# Can I change the sheen of a paint?



## Brandon19 (Aug 19, 2009)

So I bought a house and the old owner decided to do me a 'favour' and cover the nail and screw holes around the house. They did a terrible job. Huge patches of white compound all over the place, and they didn't even fill in the holes. I would have rather had their nails still in there, I could just hand something on it.

So in the kitchen there were many patches. I redid the patch with sanding, and primed the patches. I cut a piece of the drywall out so I could take it into the Home Depot to get it colour matched.

Using the piece I had, and the fact that it was a kitchen, the associate suggested the Kitchen & Bath paint (forget what brand).

The paints colour is a great match, but the sheen is not. The paint is too shiny and the patches are noticeable.

*I know this is a stretch, but I'm wondering if there is an additive I can put into the paint to dull it a bit. Maybe like a chalky substance.*

I could just repaint the certain wall in the kitchen, but I still wouldn't use this shiny paint. It shows too many flaws.

Any ideas?


----------



## NAV (Jun 2, 2009)

Sherwin Williams has a product but it would be for Sherwin Williams paints only.

most SW employees dont even know about it. the sales code is F63T1. 

i would recommend buying new material that is the sheen you want


----------



## sirwired (Jun 22, 2007)

The K&B paint is probably an eggshell. (I think HD's K&B is a Glidden...) You probably need a flat to match the existing paint. There are no magic compounds to change the sheen of a paint; unsurprisingly, the underpaid clerk failed to check the sheen on your sample when he suggested a paint. (This is sadly typical for Big Box paint dept. help...)

However, for a kitchen, flat paint is probably not the best choice; it stands up rather poorly to scrubbing. I suggest either Sherwin Duration Matte or Ben Moore Aura Matte for this use. Certainly not HD paint...

SirWired


----------



## NAV (Jun 2, 2009)

The Sherwin Williams product i mentioned is a "magic product" that reduces sheen of materials.


----------



## Brandon19 (Aug 19, 2009)

I Googled and looks like it is called Polane Flattening Paste. It could be for industrial painting purposes. 

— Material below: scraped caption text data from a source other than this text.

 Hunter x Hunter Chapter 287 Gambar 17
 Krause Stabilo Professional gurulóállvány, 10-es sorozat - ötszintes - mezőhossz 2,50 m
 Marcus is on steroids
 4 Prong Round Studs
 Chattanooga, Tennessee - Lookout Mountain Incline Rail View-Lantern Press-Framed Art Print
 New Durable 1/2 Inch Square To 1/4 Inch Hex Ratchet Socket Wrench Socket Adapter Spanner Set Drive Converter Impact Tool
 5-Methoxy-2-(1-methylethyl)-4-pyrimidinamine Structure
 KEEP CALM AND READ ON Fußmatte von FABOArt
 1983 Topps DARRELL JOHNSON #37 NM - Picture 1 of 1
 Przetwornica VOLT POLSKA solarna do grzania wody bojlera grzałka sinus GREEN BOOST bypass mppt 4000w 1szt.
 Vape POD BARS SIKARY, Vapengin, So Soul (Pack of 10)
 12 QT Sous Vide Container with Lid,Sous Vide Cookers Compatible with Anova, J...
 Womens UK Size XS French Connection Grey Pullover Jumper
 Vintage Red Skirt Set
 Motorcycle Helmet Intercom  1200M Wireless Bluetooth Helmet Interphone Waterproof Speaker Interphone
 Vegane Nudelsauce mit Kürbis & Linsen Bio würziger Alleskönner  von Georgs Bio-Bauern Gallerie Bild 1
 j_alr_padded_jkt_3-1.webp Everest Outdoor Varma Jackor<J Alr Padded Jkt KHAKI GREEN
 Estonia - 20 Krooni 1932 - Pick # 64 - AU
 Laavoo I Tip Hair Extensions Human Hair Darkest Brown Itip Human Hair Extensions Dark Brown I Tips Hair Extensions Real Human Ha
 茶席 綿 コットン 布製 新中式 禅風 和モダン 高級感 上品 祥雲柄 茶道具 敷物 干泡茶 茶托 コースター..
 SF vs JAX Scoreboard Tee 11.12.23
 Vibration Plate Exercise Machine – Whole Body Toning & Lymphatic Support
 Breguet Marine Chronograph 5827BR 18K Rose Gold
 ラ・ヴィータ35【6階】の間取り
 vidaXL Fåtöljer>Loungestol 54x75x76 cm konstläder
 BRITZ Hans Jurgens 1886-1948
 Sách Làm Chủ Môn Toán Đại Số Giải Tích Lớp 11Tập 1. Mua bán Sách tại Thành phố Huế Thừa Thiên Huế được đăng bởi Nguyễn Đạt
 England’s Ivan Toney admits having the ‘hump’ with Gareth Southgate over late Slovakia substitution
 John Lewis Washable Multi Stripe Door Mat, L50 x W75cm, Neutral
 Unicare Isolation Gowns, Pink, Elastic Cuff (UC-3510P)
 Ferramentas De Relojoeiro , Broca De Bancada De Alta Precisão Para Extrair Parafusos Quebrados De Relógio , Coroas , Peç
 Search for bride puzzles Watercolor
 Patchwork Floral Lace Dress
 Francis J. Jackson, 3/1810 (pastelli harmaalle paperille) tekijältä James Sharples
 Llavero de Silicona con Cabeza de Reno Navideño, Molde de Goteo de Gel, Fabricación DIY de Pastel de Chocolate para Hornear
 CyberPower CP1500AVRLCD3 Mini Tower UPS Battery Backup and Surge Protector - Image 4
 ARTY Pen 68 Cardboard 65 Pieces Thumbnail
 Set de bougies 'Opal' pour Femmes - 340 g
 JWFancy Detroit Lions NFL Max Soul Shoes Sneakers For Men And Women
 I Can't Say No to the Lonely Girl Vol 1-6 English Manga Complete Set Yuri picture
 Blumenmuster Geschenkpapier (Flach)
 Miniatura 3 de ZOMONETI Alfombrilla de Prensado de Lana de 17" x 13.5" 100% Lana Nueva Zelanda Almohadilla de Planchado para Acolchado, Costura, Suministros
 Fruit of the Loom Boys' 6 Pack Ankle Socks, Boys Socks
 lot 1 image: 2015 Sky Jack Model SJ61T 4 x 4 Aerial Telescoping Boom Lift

Its listed on here: http://www.noisecontrolproducts.com/custom_colors.html

I'll go check it out, it wouldn't hurt as I can't really use the paint as it is.


----------



## Brandon19 (Aug 19, 2009)

SW could order it by the gallon for $50 or so. Good to know, but that is well over the cost of my paint.

I'll just buy new paint.

Thanks all.


----------



## mark sr (Jun 13, 2017)

I've used SWP's flattening agent before and if I remember correctly it's only for oil base coatings. ..... and other than an extreme rare case wouldn't make any sense when it comes to touch up - quicker/easier to repaint the wall!


wow, just noticed this thread is over 8 yrs old lain:


----------



## Gymschu (Dec 12, 2010)

mark sr said:


> I've used SWP's flattening agent before and if I remember correctly it's only for oil base coatings. ..... and other than an extreme rare case wouldn't make any sense when it comes to touch up - quicker/easier to repaint the wall!
> 
> 
> wow, just noticed this thread is over 8 yrs old lain:


Yeah, Mark, where did you find this thread? Yikes!:surprise:


----------



## mark sr (Jun 13, 2017)

Somebody had replied to it which brought it to the top of the board - I guess they got booted.


----------



## kerryman71 (Feb 26, 2017)

Happy I read the rest of the replies before responding, LOL.

John


----------